Shaping Losses Cultural Memory and the Holocaust
- Binding: Paperback
- Publisher: Univ of Illinois Pr
- Publish date: 06/01/2001
This eloquent volume examines how memoirs, films, photographs, art, and literature, as well as family conversations and personal remembrances, embody the impulse to preserve what is destroyed. The contributors -- all distinguished women scholars, most of them survivors or daughters of survivors -- examine classic memorializations such as Claude Lanzmann's film Shoah and Roman Vishniac's photographs of prewar Jews as well as several less-well-known works. They also address ways in which children of survivors of the Holocaust -- and of other catastrophic traumas -- struggle with inherited or vicarious memory, striving to come to terms with losses that centrally define them although they experience them only indirectly.

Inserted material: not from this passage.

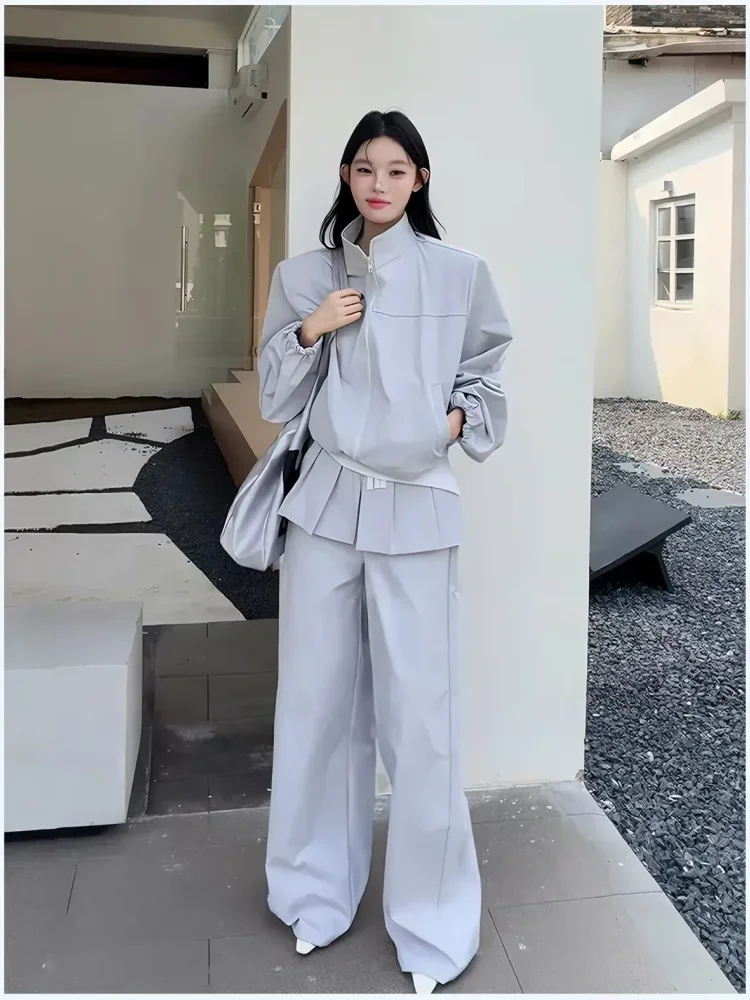 CHICMORE Setelan wanita kasual sporty dengan jaket high neck + celana panjang desain mini pleated skirt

Shaping Losses considers the limitations of Holocaust representations and testimonies that capture shards of the experience but are necessarily selective and reductive. Contributors discuss artistic efforts to "preserve the rawness" of memory and to resist redemptive closure in Holocaust narratives and public memorials. They also probe the nature of memory and of trauma, studying the use of language within and outside a traumatic context such as Auschwitz and pinpointing the qualities that make traumatic memory ineffable, untransmit-table, and perhaps unreliable.